> Problem description
Reproduce verbatim all of the data given below, but do not carry over the images.

> Dataset excerpt
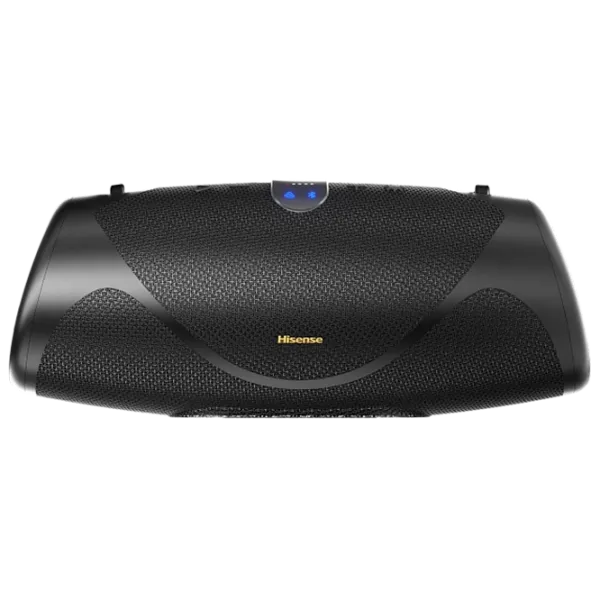 Портативная колонка Hisense WeBoom 140 Вт/ Черный photo 1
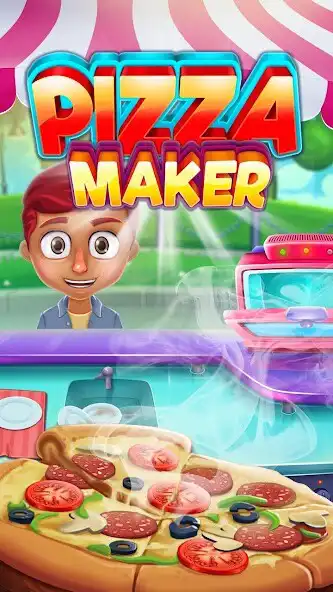 Play Kids Pizza Maker: Cooking Game  and enjoy Kids Pizza Maker: Cooking Game with UptoPlay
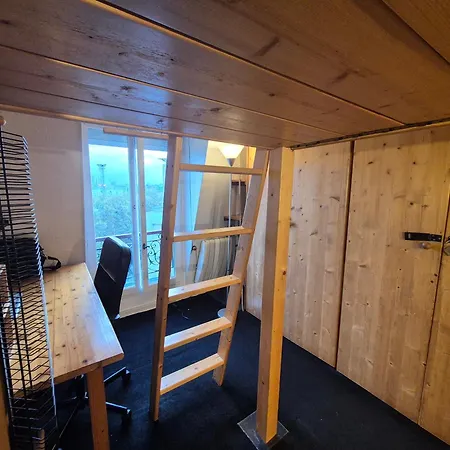Apartamento 3 Pieces Gare De Lyon Bercy Arena 75012 París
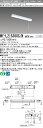 【法人様限定】三菱 MY-L215360S/N AHTN Myシリーズ 20形 直付形 トラフ形 プルスイッチ付 固定 グレアカットAB 1600 lm 昼白色【EL-LHL20701+EL-LU21536N AHTN】(3)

> Output for this exercise
 Портативная колонка Hisense WeBoom 140 Вт/ Черный photo 1
 Play Kids Pizza Maker: Cooking Game  and enjoy Kids Pizza Maker: Cooking Game with UptoPlay
Apartamento 3 Pieces Gare De Lyon Bercy Arena 75012 París
 【法人様限定】三菱 MY-L215360S/N AHTN Myシリーズ 20形 直付形 トラフ形 プルスイッチ付 固定 グレアカットAB 1600 lm 昼白色【EL-LHL20701+EL-LU21536N AHTN】(3)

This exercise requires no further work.